Lasha Gujejiani

Personal information
- Born: 12 August 1985 (age 40)
- Occupation: Judoka

Sport
- Country: Georgia
- Sport: Judo
- Weight class: +100 kg

Achievements and titles
- Olympic Games: 5th (2008)
- World Champ.: ‹See Tfd› (2005, 2007)
- European Champ.: ‹See Tfd› (2007)

Medal record
Men's judo
Representing Georgia
World Championships
| Bronze medal – third place | 2005 Cairo | +100 kg |
| Bronze medal – third place | 2007 Rio de Janeiro | +100 kg |
European Championships
| Silver medal – second place | 2007 Belgrade | +100 kg |
European U23 Championships
| Gold medal – first place | 2005 Kyiv | +100 kg |
| Silver medal – second place | 2003 Yerevan | +100 kg |
World Juniors Championships
| Gold medal – first place | 2004 Budapest | +100 kg |
European Junior Championships
| Gold medal – first place | 2003 Sarajevo | +100 kg |
| Silver medal – second place | 2004 Sofia | +100 kg |

Profile at external databases
- IJF: 2453
- JudoInside.com: 16402

= Lasha Gujejiani =

Georgian judoka (born 1985)

Lasha Gujejiani (ლაშა გუჯეჯიანი; born 12 August 1985) is a Georgian judo coach and former judoka, currently serving as the head coach of the Georgian national judo team. He competed at the 2004 Summer Olympics and the 2008 Summer Olympics.

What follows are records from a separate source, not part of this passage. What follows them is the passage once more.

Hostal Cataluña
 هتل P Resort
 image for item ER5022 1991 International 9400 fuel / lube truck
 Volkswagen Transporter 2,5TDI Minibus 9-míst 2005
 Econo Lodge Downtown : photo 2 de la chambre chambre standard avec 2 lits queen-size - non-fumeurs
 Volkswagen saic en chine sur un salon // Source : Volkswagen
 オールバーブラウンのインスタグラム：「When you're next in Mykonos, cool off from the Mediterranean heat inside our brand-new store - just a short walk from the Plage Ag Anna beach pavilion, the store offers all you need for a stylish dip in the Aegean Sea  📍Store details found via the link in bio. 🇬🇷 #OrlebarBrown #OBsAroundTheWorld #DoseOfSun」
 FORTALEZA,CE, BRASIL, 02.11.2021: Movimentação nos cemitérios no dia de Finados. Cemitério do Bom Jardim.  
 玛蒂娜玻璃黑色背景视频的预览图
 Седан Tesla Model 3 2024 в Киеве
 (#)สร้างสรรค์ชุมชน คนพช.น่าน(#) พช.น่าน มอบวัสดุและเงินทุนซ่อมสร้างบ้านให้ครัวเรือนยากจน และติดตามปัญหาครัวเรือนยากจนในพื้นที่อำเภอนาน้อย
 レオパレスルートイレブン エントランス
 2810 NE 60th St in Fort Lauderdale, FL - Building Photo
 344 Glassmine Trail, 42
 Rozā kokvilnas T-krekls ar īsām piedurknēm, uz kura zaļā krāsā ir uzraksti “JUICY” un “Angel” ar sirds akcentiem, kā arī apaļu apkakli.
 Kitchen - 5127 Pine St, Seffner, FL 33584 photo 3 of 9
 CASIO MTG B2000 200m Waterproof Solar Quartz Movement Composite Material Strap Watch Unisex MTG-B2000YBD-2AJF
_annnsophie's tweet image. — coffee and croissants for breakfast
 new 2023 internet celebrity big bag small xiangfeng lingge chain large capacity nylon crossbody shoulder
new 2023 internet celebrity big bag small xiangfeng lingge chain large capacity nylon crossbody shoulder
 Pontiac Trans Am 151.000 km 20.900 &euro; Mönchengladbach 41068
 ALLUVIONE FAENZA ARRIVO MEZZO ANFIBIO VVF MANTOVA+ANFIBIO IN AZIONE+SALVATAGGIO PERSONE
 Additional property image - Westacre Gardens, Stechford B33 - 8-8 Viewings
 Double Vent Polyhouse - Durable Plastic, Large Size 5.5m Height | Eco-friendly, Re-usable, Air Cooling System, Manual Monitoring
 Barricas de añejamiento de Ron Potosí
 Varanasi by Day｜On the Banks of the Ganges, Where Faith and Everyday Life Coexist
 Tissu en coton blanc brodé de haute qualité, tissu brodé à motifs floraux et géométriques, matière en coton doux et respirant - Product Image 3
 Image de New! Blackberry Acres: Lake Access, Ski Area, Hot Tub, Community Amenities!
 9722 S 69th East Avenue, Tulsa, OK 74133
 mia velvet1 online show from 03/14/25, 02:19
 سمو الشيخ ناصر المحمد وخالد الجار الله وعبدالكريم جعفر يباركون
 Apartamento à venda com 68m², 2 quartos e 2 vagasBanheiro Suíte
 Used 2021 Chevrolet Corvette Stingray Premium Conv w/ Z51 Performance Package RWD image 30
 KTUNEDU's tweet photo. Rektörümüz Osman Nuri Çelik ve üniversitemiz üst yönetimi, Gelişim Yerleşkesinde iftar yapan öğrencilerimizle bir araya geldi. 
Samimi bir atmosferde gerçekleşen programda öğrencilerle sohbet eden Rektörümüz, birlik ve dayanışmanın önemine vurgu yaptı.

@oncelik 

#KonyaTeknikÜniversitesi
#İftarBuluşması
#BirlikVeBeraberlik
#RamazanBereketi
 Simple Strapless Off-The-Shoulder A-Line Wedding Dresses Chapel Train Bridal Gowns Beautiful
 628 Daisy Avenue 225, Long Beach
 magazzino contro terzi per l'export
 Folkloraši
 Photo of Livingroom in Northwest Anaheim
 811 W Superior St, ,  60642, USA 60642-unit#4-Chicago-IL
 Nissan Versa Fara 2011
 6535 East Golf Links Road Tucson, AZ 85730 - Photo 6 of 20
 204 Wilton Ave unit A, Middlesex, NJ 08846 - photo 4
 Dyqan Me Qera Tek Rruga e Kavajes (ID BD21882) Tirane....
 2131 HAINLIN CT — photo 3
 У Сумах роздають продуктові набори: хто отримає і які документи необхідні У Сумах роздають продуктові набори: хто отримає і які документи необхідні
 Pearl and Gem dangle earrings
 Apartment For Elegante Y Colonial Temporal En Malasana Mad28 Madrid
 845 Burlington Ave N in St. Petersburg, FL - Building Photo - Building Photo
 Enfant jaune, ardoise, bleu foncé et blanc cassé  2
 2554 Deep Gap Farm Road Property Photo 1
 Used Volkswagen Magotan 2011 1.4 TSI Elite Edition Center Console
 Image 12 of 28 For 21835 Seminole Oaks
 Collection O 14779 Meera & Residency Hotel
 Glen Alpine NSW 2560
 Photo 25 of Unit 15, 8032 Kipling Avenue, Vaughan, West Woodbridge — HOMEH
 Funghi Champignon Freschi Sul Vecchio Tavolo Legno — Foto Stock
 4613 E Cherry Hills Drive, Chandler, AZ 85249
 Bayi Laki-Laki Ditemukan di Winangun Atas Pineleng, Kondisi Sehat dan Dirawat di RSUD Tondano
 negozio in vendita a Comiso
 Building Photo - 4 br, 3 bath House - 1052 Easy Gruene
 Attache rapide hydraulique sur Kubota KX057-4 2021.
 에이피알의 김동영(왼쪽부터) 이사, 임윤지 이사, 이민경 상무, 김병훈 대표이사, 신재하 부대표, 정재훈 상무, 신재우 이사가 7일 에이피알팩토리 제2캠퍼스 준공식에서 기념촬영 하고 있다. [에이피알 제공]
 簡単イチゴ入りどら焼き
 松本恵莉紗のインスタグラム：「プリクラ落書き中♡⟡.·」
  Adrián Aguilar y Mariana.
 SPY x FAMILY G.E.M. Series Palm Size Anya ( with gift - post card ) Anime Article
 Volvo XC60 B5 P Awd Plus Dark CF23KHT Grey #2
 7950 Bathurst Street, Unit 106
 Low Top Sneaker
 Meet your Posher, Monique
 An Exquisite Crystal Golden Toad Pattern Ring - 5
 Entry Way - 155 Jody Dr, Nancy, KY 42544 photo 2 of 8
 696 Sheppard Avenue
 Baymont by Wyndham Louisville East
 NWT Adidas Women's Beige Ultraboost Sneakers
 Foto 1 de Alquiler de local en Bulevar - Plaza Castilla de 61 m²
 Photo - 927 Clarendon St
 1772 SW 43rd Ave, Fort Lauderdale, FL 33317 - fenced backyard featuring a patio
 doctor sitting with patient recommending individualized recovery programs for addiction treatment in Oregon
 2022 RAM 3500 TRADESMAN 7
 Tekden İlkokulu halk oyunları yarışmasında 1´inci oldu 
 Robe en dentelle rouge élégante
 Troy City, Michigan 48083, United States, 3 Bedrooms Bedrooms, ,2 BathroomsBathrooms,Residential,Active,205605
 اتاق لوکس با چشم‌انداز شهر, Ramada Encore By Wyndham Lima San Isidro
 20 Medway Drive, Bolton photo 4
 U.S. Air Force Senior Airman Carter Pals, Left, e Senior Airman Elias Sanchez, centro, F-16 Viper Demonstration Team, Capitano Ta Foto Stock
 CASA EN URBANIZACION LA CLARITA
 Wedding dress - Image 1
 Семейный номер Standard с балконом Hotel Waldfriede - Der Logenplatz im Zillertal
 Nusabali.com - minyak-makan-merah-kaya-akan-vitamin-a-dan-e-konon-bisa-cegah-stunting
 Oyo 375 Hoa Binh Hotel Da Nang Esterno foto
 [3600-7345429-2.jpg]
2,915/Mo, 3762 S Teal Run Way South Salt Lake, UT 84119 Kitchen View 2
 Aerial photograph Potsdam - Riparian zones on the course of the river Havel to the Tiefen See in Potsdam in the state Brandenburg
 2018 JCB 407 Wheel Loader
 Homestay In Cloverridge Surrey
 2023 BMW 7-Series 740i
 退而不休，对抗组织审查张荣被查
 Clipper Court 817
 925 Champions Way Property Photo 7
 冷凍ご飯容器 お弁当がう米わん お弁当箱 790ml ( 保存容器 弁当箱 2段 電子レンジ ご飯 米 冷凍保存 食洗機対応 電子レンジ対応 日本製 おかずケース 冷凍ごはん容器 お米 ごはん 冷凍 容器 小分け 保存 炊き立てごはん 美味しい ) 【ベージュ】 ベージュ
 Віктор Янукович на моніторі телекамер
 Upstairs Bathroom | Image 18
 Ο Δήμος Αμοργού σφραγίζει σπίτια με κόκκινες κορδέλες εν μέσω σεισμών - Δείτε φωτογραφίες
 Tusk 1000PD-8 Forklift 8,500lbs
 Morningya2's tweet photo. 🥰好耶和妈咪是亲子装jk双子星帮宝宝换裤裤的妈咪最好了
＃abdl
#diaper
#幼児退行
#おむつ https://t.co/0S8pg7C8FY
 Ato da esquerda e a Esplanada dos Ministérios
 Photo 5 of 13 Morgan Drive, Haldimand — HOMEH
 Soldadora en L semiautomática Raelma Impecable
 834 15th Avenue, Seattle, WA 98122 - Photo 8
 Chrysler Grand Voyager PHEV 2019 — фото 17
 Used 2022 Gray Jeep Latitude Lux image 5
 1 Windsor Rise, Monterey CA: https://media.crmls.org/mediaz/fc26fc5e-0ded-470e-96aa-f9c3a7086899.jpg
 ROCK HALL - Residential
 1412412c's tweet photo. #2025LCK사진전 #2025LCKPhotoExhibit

He is widely recognized as one of the world's best judo coaches, officially named the World's Best Coach by the International Judo Federation (IJF) and Europe's Best Coach by the European Judo Union (EJU).

==Biography==
Lasha Gujejiani grew up in a family of athletes. His interest in judo emerged at an early age, leading him to enroll in a local sports school, where he quickly demonstrated the qualities essential for a judoka. After achieving early success in tournaments across Tbilisi and various regions of Georgia, he was invited to join the Georgian youth national team.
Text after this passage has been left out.